An optical fiber is essentially a dielectric (silica glass) waveguide consisting of a core and cladding. The core is usually has a circular cross-section (although elliptical or other cross-sections are also used) and is made of doped silica of refractive index slightly higher than that of the cladding (which is made of pure silica). Light waves are guided along the fiber via total internal reflection. If light is launched at an angle greater than the critical angle, the rays are reflected back into the core from the surface separating the core and cladding. The rays travel along the length of the fiber by continuous reflections of this type. Rays launched at different angles travel along different paths (or modes) and arrive at the receiver at different times, leading to inter-modal dispersion. Fibers are classified as single-mode or multi-mode depending on whether they support one or more. Single mode fibers have narrow cores, typically $10\nu$m. Multimode fibers have core dimensions $\sim 5$ times larger. The number of modes a given fiber can support is characterized by the $V$ number, which depends on the frequency, the core radius and the refractive indices of the core and the cladding.

$$V = {\omega \over c} a \sqrt {{n_1}^2 - {n_2}^2}$$ (22.3.2)

where $n_1,~n_2$ are the refractive indices of the core and cladding, $a$ is the radius of the core and $\omega$ is the angular frequency of the light being transmitted through the fiber. The number of modes $N$ is given by $N = V^2/2$. Multimode fibers have bandwidths that are $\sim 100$ times smaller than single mode fibers and are best suited to short haul applications. In addition to the number of modes supported, the polarization properties of the fiber are also of interest. One can make fibers that maintain the polarization state of the transmitted light by proper choice of core cross-section and refractive index gradient across the core and the cladding.

Dispersion is an important characteristic of an optical fiber, it determines the bandwidth and channel carrying capacity of the fiber. here are three kinds of dispersion viz: inter-modal dispersion, material dispersion and waveguide dispersion. Inter-modal dispersion occurs because of the different modes in which the light propagates in the fiber travel different paths. This causes differences in the arrival time of the rays at the receiver and hence a distortion of the signal. Inter-modal dispersion is less in fibers which have a parabolic refractive index parabolic profile in the core region. This change in refractive index causes a change in the light travel time in different parts of the core which partially compensates for the different path lengths. Material and waveguide dispersion are wavelength dependent. Material dispersion arises because of variation in the refractive index of the core material (i.e. silica ) across the transmission band. Waveguide dispersion is due to the propagation constant (i.e. the inverse of the group velocity) dependent property of the medium. The derivative of the propagation constant w.r.t frequency is dependent on the frequency itself, even in the absence of material dispersion.

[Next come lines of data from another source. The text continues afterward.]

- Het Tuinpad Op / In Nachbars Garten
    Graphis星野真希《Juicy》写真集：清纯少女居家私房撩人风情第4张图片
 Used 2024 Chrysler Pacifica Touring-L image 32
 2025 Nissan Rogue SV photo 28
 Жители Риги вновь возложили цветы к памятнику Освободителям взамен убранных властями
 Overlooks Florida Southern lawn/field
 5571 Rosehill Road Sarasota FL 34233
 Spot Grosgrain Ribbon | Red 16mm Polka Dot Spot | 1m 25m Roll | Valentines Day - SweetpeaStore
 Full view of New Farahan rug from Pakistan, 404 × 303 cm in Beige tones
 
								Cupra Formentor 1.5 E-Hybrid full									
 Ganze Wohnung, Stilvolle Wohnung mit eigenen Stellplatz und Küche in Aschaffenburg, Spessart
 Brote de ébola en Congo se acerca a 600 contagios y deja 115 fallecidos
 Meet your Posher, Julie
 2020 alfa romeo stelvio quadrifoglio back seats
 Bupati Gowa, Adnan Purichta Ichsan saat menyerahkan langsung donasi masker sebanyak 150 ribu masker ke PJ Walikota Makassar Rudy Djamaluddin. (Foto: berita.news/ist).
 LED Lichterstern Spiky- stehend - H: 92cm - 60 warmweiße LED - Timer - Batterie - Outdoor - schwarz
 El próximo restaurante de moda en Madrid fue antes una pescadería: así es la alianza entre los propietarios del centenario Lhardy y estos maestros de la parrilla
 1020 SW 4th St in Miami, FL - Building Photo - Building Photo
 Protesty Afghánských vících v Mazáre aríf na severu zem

Dispersion affects both the temporal and spectral characteristics of the signals and it is essential to minimize it as far as possible. This can be done by

1. Choosing the 1300 nm window where dispersion is minimum. It may be noted that dispersion for silica fiber is minimum in the 1300 nm band( typically 2 ps/km-nm) compared to that at the 1550 nm band (15 ps/km-nm). However the attenuation is higher in the 1300 nm band (0.31dB/km) than that in the 1550 nm band (0.15 dB/km).
2. Choosing a laser with line-width as small as possible($<1$ nm), like a single longitudinal mode type or DFB laser.
3. Using external modulation. Unlike direct modulation, external modulation does not affect the physical mechanism of the laser and does not introduce spreading of frequency or chirping.
4. Using dispersion compensation. This is essential achieved by proper design of the refractive index gradient across the fiber.